I've been able to find some of this information in the TUGBBS forums, but I'm still confused a little.  I have owned weeks for 20 plus years.  I understand all about weeks, how to exchange, TPUs, all that.  My parents own multiple timeshares.  They have  RCI points, Wyndham points, Marriott points...I am very confused by all their points.  

I shared with my mom that we want to trade into DVC for my daughter's graduation the first week of June.  If we use weeks it will suck up all our TPUs, leaving us with no extra vacation time and be very expensive.  She offered to book it for us using her points (she has more than she can use herself) as a graduation gift for my daughter.

Which method of exchanging for DVC would be best: RCI points, Wyndham points or weeks?

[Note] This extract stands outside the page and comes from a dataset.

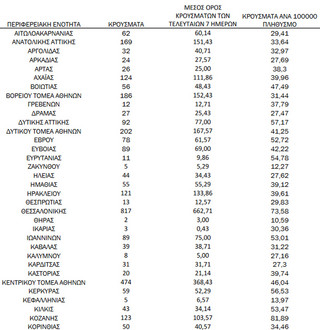 Ημερήσιος αριθμός και κρούσματα ανά 100.000 πληθυσμού επιβεβαιωμένων εγχώριων κρουσμάτων COVID-19 ανά περιφερειακή ενότητα στις 15 Δεκεμβρίου 2021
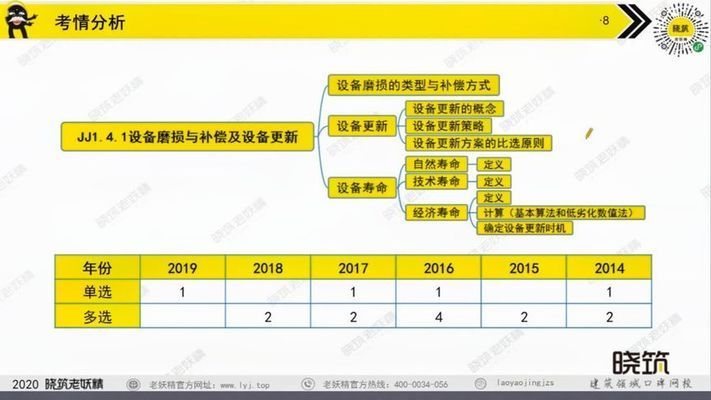 建材測試中心的技術設備更新頻率(建材測試中心的技術設備更新頻率取決于哪些因素) 建筑施工圖施工 第2張 建材測試中心的技術設備更新頻率(建材測試中心的技術設備更新頻率取決于哪些因素) 建筑施工圖施工 第2張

I found this info about Wyndham points:
Currently, with Wyndham, exchanging into any 1BR that's available in RCI, you would need 74K/95K/121K/143K Wyndham points (K=1,000) depending on the season. Oddly, a studio exchange costs the same as a 1BR exchange. Prime DVC weeks, when available, tend to be 121K or 143K, of course. Looking ahead to an expanding family or the possible desire to bring relatives or friends, a 2BR RCI exchange is 109K/140K/184K/224K Wyndham points. Remember to add the exchange fee to your cost figures. If you wanted enough Wyndham points to reserve at Wyndham Bonnet Creek Resort directly (no exchange fees), you'd want to have 166K for a prime 1BR weeks or 224K for a prime 2BR week. Wyndham reservations at Bonnet creek in April (weeks 15-19) and November (even Thanksgiving week) are a real bargain at 84K for 1BR or 112K for 2BR. So, given that you anticipate Disney vacations in the future, if you opt to buy Wyndham points, I'd suggest that you look for a cheap (or "free") resale for 224K or more at a home resort with low per-point maint fees."
Also, is there currently any DVC available for June using Wyndham points?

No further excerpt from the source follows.